AROS for Mac

I’m hoping to make some progress this weekend on my AROS (AmigaOS) clone for QEMU’s Mac Quadra 800, which apparently runs too quickly to boot a normal Mac Toolbox ROM? I mean, that’s my theory because I don’t care to run 68k MacOS, but it would be a testament to Apple’s poor software quality control if their boot ROM had a timing loop that stopped it from working on a fast JIT emulation of a 68040.

I haven’t disassembled Apple’s Quadra 800 ROM, because, again, I don’t care, but based on the PC and other registers where it’s getting stuck, it seems to be fairly early, like probing for I/O cards or testing the RAM or something where timing could matter.

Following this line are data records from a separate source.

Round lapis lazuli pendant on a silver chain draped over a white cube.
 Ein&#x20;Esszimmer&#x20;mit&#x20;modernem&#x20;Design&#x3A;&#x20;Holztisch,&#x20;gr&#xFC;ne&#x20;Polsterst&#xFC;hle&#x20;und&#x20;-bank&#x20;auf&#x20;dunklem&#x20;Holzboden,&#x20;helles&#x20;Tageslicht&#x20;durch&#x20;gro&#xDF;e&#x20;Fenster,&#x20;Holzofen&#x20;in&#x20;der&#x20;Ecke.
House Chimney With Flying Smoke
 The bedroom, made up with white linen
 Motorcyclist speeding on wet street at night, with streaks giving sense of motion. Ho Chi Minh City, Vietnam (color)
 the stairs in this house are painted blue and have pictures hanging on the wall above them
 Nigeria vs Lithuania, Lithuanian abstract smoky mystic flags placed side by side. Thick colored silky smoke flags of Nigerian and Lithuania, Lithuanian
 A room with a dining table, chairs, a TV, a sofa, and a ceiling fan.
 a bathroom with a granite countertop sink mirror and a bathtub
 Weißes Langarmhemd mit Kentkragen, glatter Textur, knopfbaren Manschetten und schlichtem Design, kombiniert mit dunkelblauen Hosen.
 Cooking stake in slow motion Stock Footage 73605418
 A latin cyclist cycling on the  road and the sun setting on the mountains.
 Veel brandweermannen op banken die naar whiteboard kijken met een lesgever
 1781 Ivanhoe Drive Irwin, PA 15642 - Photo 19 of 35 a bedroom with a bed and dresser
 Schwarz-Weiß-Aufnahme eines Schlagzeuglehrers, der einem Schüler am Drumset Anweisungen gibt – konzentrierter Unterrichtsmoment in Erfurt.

Anyway, I have a dozen small .c files that I need to convert from the Amiga’s two CIA chips to the Mac’s two VIA chips and also get debug serial working and I think I can use color palette register 0 as another debug signal in the way AROS and AmigaOS do on an Amiga.

I just need to get some early boot log output to motivate me to do the real “fun” work of a SCSI driver for a controller that can normally do DMA transfers, but not the way Apple wired it up, so instead you have to use what’s called “pseudo-DMA”, which is DMA mode but then the CPU has to copy the data in a loop, like a non-DMA transfer, which would apparently be slightly slower?

I know I can get on Hackaday for that, but it’s just my warmup practice. Once I write all those fun drivers for Apple’s silly ancient hardware to do my “m68k-mac” port, I want to port AROS to a new retro machine that’s much cooler than the original Amiga line but in the same spirit, and has FPGA custom chips that are just brilliantly well thought-out, the Foenix A2560-040V.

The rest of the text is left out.